La parole du Ressuscité est un lieu de Sa présence, Elle demeure efficace et donne vie en surabondance à l’image de cette pêche. Où sera-t-elle entendue aujourd’hui cette Parole? Où aura lieu pour nous, dans notre monde hautement technologique, cette rencontre mystique? Cette pêche miraculeuse?  Ce monde où la science prétend expliquer le sens dernier de toutes choses, Dieu est devenu une hypothèse inutile et Son Église le signe d’une mentalité irrésolue et désuète. Cette crise spirituelle que notre monde traverse, crise de sens, effervescence de nouveaux paradigmes, résistance farouche à la religion…marquerait-elle la fin de l’existence de Dieu?

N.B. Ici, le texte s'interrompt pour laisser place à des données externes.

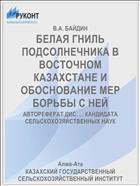 БЕЛАЯ ГНИЛЬ ПОДСОЛНЕЧНИКА В ВОСТОЧНОМ КАЗАХСТАНЕ И ОБОСНОВАНИЕ МЕР БОРЬБЫ С НЕЙ
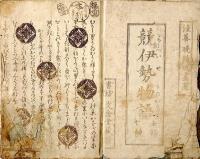 競伊勢物語　全七巻ノ内第三巻欠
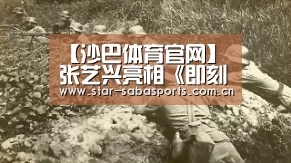 【沙巴体育官网】张艺兴亮相《即刻电音》发布会, 让世界听见中国电音之声(图4) 沙巴体育app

Comme pour Pierre, Jean et les autres, il nous faut refaire l’expérience mystique du Ressuscité, non plus sur le bord de la mer de Tibériade, mais bien au cœur de notre monde, au rivage de l’effondrement de la foi, dans la traversée obscure de nos nuits. Cette confrontation avec l’abime de Dieu, avec la privation de la Présence de Jésus, pourraient devenir pour nous, comme cela a été pour les disciples, un lieu d’une reconnaissance lumineuse du Ressuscité qui susciterait une nouvelle genèse de la foi. Nous avons besoin de rencontrer à nouveau le Christ Ressuscité, sinon notre foi serait dérisoire. (1Co 15,14)

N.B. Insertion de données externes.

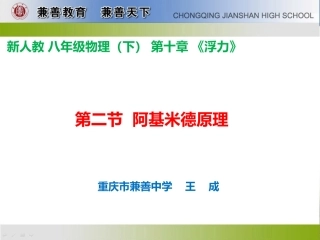 阿基米德原理说课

Comme les apôtres, nous sommes revenus à nos occupations de toutes sortes, notre vie est pleine d’activisme, couvrant parfois une foi dans le coma. N’avons-nous pas l’impression de revenir les mains vides lorsque nous allons pêcher dans notre vie à la recherche du bonheur? N’avons-nous pas l’impression de peiner toute la nuit, dans notre cœur assoiffé d’amour, dans notre chair rongée par la fatigue et la maladie?

Loin de sombrer dans un défaitisme récalcitrant, ni dans l’euphorie d’un positivisme irrationnel, il nous faut choisir de faire l’expérience du Christ, se décider d’aller vers le Ressuscité; oser se tenir dans la nuit, accepter d’avoir une barque vide, accueillir Sa Parole comme un évènement inusité, un langage nouveau pour un monde nouveau. Retournons au rivage de nos vies, osons le pari de la confiance, prenons la décision de jeter nos filets, de poser ces petits gestes anodins qui nous feront avancer vers Lui et Le reconnaitre Ressuscité; croyons-en ceux et celles qui le virent et qui le voient encore, Vivant.

Seul l’A(a)mour nous permettra de Le reconnaitre.